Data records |
□ □ □ □ □ □ □
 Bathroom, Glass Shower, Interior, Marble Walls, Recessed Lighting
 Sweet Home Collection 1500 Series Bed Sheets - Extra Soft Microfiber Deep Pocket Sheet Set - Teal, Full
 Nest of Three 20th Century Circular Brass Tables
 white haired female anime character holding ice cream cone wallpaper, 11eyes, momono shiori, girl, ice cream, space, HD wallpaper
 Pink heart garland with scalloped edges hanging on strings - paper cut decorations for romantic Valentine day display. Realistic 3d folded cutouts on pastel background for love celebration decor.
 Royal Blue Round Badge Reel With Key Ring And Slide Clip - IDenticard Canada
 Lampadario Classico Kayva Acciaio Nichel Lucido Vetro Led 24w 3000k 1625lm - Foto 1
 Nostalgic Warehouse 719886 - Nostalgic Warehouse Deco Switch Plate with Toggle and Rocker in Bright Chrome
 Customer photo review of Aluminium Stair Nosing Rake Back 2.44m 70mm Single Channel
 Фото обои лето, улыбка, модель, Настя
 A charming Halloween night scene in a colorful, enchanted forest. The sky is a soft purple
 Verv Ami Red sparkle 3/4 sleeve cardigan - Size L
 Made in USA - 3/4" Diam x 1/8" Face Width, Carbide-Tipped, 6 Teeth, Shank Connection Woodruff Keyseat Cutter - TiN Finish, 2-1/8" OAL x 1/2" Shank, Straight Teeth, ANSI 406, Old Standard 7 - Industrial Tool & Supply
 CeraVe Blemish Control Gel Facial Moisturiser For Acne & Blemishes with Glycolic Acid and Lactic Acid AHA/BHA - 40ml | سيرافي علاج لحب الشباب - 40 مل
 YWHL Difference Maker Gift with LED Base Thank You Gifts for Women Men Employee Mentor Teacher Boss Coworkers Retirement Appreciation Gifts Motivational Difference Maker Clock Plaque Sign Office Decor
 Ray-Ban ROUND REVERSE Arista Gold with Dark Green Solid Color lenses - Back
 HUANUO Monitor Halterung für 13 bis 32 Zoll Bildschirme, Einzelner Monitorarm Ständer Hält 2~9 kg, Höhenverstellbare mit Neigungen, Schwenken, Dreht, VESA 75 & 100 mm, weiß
□ □ □ □ □ □ □
Task directions |
Could you give again exactly the lines from the line containing "Ray-Ban ROUND REVERSE" through the final line of the data above, and no others?

Exercise output |
 Ray-Ban ROUND REVERSE Arista Gold with Dark Green Solid Color lenses - Back
 HUANUO Monitor Halterung für 13 bis 32 Zoll Bildschirme, Einzelner Monitorarm Ständer Hält 2~9 kg, Höhenverstellbare mit Neigungen, Schwenken, Dreht, VESA 75 & 100 mm, weiß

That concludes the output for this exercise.